Last month, as Congress worked on a 2018 spending deal, the White House said it floated several other compromises, including three years of wall funding in exchange for three years of protections — though not citizenship — for DACA recipients. Democrats didn’t take that offer.

On Sunday, Mr. Trump said he was done dealing. As he arrived for Easter services at a church in Palm Beach, Florida, the president told reporters that Democrats “blew it.”

“They had a great chance. The Democrats blew it. They had a great, great chance,” he said.

It’s unclear whether Democrats were interested in negotiations. Some analysts say that with major gains expected in Congress in November elections, Democrats appear content to wait and write immigration legislation on their own terms early next year.

Mr. Trump on Sunday also blasted Mexican government officials with whom he has repeatedly clashed over his demand — and their refusal — to pony up for costs of the border wall.

The dispute has derailed several planned meetings between Mr. Trump and Mexican President Enrique Pena Nieto.

Mr. Trump in the past has said he would leverage the North American Free Trade Agreement to try to wring more immigration concessions from Mexico, and he said Sunday that was still his plan.

“Mexico has got to help us at the border. If they’re not going to help us at the border, it’s a very sad thing. Mexico has got to help us at the border,” he said outside church on Easter Sunday. “And a lot of people are coming in because they want to take advantage of DACA.”

The caravan is likely to be the next big test.

BuzzFeed, which has been tracking the progress of the caravan, says it was organized by Pueblo Sin Fronteras. The goal is to give migrants from Central America a safer and cheaper option for traversing Mexico than to rely on the cartels that generally control the routes.

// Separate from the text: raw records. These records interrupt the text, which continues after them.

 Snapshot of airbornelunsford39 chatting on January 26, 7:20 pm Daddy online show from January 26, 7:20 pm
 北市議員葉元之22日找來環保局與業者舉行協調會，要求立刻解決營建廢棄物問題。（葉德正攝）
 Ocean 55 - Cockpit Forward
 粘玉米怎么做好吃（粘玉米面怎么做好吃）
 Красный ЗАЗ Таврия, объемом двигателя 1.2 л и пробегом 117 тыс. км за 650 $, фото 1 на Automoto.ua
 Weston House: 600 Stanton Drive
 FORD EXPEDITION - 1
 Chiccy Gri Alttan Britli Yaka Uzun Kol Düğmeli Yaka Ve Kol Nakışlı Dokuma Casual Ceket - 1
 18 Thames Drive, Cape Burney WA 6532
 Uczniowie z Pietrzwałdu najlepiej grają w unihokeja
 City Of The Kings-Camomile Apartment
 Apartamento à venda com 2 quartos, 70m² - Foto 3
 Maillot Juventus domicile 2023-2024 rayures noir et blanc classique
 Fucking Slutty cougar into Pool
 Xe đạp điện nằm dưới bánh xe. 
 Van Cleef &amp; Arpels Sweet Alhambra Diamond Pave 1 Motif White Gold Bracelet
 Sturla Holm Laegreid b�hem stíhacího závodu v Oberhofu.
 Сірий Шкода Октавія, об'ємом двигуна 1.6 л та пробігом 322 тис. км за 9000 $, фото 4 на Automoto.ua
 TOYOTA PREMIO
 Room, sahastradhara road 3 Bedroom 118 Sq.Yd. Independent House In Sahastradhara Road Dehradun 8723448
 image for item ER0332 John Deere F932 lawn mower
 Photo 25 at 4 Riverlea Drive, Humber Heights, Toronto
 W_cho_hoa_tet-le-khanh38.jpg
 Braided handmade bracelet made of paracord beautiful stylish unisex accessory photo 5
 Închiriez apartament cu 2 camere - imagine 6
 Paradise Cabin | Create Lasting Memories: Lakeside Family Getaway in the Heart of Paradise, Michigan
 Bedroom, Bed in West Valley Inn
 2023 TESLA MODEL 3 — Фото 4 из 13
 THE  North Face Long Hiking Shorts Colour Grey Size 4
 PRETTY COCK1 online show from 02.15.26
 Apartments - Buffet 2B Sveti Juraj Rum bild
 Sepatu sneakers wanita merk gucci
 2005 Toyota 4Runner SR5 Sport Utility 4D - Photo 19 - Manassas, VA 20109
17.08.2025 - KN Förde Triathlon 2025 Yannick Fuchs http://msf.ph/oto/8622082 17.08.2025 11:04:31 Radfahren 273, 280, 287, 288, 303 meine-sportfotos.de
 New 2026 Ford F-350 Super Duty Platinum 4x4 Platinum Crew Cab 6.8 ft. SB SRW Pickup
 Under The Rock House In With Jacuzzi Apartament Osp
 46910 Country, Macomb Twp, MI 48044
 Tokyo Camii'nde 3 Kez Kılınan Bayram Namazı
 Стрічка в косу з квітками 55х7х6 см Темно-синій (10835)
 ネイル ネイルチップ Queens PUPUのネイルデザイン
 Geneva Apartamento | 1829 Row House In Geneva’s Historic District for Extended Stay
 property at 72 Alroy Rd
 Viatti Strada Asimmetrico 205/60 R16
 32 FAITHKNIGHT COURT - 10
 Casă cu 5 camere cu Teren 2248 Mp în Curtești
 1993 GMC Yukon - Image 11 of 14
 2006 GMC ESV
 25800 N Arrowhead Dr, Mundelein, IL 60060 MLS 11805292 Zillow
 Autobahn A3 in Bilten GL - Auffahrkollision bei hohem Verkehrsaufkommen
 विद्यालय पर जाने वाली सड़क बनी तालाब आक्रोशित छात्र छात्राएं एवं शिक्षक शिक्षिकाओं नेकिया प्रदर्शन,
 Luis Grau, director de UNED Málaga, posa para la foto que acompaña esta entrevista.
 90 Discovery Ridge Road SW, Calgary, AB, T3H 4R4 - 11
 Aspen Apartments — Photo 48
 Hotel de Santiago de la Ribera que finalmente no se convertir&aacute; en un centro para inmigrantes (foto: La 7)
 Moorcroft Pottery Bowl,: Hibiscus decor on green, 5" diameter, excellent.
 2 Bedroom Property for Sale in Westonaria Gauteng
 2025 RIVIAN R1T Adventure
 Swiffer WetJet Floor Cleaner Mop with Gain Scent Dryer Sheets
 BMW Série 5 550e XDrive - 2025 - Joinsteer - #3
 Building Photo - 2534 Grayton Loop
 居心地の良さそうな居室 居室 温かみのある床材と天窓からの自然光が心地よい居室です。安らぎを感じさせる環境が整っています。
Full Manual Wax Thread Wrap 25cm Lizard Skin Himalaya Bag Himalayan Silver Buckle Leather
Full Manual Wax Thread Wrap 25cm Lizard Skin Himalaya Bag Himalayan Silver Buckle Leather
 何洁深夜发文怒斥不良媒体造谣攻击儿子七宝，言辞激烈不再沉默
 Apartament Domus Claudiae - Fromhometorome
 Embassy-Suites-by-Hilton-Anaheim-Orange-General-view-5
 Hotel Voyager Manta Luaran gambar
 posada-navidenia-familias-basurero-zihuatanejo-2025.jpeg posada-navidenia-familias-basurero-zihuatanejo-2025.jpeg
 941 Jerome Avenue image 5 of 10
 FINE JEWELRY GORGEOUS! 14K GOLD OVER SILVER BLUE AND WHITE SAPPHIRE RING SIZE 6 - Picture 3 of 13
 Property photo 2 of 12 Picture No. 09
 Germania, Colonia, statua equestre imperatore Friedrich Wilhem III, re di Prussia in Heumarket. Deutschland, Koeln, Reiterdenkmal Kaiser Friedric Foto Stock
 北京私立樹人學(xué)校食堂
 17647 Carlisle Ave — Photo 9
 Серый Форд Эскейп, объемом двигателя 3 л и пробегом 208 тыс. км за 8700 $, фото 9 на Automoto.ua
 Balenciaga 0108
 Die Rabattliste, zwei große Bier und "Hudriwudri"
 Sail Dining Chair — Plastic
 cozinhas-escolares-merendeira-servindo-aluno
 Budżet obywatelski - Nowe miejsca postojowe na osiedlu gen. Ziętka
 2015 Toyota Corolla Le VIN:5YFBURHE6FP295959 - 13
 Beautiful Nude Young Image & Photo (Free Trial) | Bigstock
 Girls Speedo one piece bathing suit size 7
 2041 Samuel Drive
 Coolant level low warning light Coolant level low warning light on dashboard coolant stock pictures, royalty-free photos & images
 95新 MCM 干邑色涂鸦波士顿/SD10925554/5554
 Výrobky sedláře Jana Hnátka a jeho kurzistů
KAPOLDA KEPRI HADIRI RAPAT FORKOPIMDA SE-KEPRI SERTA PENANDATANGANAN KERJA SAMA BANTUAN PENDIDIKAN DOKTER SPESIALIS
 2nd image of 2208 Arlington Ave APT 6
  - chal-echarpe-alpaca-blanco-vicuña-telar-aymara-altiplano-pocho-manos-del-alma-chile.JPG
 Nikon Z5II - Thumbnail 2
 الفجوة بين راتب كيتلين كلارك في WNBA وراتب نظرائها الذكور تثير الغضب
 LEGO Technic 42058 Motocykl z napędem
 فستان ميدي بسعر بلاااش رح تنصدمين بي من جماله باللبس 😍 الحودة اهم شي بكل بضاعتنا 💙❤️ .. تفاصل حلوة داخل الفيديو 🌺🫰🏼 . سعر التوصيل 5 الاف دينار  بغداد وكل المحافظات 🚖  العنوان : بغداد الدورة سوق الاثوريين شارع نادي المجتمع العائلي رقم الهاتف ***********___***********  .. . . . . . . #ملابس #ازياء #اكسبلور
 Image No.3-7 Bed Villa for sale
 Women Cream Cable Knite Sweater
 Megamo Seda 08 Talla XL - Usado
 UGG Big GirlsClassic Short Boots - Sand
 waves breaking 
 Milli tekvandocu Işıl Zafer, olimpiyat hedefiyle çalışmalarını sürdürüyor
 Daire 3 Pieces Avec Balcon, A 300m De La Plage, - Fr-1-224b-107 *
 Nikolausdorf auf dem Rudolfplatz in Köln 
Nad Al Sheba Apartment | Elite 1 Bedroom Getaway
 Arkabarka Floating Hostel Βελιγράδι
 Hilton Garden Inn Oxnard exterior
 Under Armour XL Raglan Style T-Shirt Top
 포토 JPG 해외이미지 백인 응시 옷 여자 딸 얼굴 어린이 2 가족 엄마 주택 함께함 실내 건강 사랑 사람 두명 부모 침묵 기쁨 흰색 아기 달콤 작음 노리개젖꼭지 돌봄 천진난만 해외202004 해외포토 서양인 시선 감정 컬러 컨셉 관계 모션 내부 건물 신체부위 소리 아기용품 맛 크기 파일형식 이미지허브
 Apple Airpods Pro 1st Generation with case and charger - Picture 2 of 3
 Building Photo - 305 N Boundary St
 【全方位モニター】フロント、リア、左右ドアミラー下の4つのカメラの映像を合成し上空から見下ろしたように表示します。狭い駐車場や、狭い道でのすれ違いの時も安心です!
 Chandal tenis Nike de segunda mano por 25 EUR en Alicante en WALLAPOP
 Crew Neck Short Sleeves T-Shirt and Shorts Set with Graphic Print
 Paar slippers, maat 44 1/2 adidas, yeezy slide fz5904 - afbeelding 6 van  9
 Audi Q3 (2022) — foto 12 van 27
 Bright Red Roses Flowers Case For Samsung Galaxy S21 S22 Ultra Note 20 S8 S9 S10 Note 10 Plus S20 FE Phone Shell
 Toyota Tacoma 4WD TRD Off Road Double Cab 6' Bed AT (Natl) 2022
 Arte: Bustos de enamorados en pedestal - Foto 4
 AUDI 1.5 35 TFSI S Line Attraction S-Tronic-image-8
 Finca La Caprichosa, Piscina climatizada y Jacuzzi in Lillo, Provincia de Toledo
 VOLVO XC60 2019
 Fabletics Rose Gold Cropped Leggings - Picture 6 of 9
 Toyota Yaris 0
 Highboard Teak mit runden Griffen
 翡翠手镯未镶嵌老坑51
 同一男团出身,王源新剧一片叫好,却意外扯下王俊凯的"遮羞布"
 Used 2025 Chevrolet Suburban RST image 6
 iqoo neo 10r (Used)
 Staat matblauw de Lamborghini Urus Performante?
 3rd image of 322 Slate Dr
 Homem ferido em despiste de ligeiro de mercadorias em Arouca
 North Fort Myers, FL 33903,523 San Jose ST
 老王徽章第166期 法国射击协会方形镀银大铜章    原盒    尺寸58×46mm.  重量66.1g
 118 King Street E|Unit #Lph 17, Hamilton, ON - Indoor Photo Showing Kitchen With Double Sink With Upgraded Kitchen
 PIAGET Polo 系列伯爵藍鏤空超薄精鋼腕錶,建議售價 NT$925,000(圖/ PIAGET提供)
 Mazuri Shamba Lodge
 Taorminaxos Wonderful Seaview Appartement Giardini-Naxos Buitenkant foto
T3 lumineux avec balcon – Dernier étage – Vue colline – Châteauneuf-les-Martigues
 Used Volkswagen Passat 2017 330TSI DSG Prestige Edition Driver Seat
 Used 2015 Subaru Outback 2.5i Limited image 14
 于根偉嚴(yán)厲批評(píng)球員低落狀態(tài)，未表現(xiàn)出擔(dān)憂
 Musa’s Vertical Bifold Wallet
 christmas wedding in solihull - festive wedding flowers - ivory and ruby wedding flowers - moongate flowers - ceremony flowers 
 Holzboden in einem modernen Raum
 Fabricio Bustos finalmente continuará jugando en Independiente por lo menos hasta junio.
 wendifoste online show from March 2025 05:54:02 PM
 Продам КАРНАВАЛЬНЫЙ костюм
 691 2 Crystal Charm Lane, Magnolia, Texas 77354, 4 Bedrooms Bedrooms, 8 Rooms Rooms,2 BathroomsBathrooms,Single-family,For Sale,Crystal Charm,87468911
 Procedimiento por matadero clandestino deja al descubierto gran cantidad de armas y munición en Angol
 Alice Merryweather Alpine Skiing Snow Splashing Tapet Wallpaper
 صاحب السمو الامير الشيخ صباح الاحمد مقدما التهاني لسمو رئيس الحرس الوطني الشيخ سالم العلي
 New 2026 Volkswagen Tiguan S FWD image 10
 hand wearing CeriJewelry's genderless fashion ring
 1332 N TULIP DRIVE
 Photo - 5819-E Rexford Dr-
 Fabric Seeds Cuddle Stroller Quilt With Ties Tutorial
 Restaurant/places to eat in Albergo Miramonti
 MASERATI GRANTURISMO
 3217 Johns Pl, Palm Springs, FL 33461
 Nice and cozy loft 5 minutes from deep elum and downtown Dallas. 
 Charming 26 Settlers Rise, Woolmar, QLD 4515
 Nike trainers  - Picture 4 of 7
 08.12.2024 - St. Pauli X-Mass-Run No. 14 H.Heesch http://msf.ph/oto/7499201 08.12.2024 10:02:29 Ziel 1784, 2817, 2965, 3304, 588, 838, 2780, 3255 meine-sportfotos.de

Those cartels charge thousands of dollars — an $8,000 tab for getting from Central America to Texas or California isn’t unusual. The journey is also fraught with perils, including beatings and rape for women.

Pueblo Sin Fronteras posted videos on Facebook showing the migrants practicing security protocols. They hope to avoid being targeted by the cartels or others who prey on the hundreds of thousands of people a year making the journey.

“We are strong, we are impatient, we are beautiful and fun and we have dignity, and there are a lot of us,” the group said.

It said it had more than 1,000 Hondurans who are fleeing political uncertainty after a contentious election this year.